Having developed the engineering details needed to strengthen the houses, the Program needed to be clear about what it would and would not provide to village families.
- The family would design the size, shape and number of storeys of their house. Discussions with villagers in September 2015 indicated many would build back on the exiting foundations and the house footprint would remain the same.
- The construction materials would primarily be stone, mud mortar and timber beams most of which has been recovered from the demolished buildings.
- The families would have to build the house and have to pay for most of the works.
- The Program would calculate, with the family, the amount of subsidy to be paid.

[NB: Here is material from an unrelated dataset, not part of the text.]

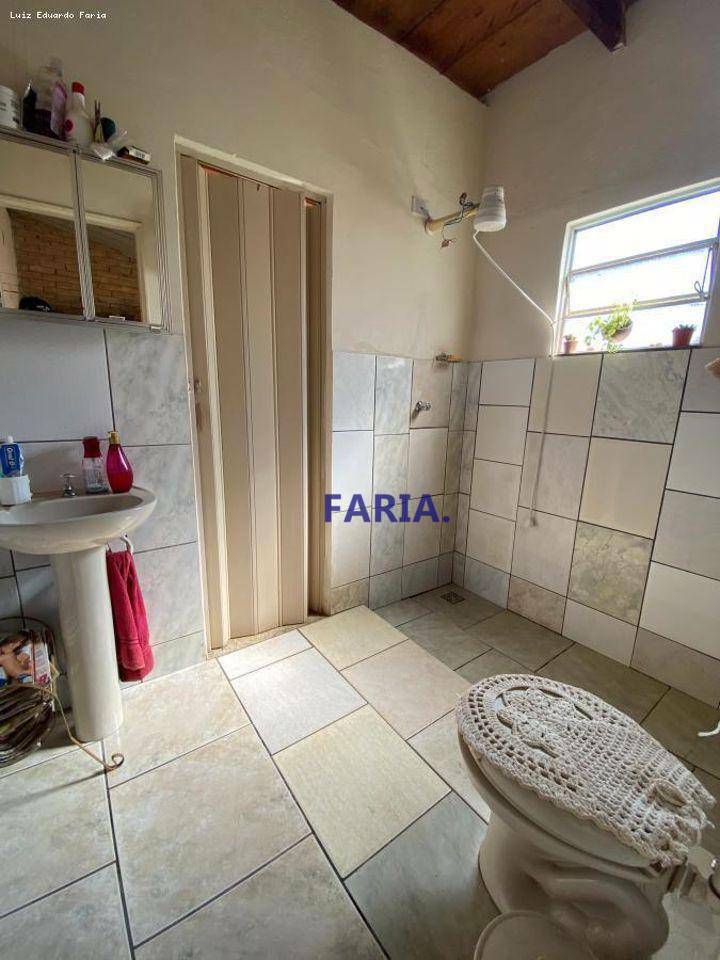 Casa à venda com 2 quartos, 69m² - Foto 5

This would be based on calculations of the wall length, thickness, heights and the materials required.
- A contract between each family and the Program would specify the works needed, stages when payments would be made, the amount of each payment and the total amount to be paid.
- The Program would pay for the specific parts of the building works that strengthen the house.
- The Program would train construction team members to show them in detail how to make the strengthening works and leave adequate information about the process to enable the works to be built correctly.
- A subsidy to pay for those strengthening parts would be paid in stages as the work progressed to each family.
- Works would be checked to ensure the strengthening works had been properly installed and then the money paid to the family.
Part of the spread sheet that will be completed with each family. This notes the key dimensions of their new house and enables the immediate calculation of the costs involved.
The spread sheet calculates the quantities of materials needed for all the details of the stiffening layers and junctions for each specific house.
Finally a contract is printed that shows the subsidy to be paid to the family and stages when parts of the subsidy will be paid.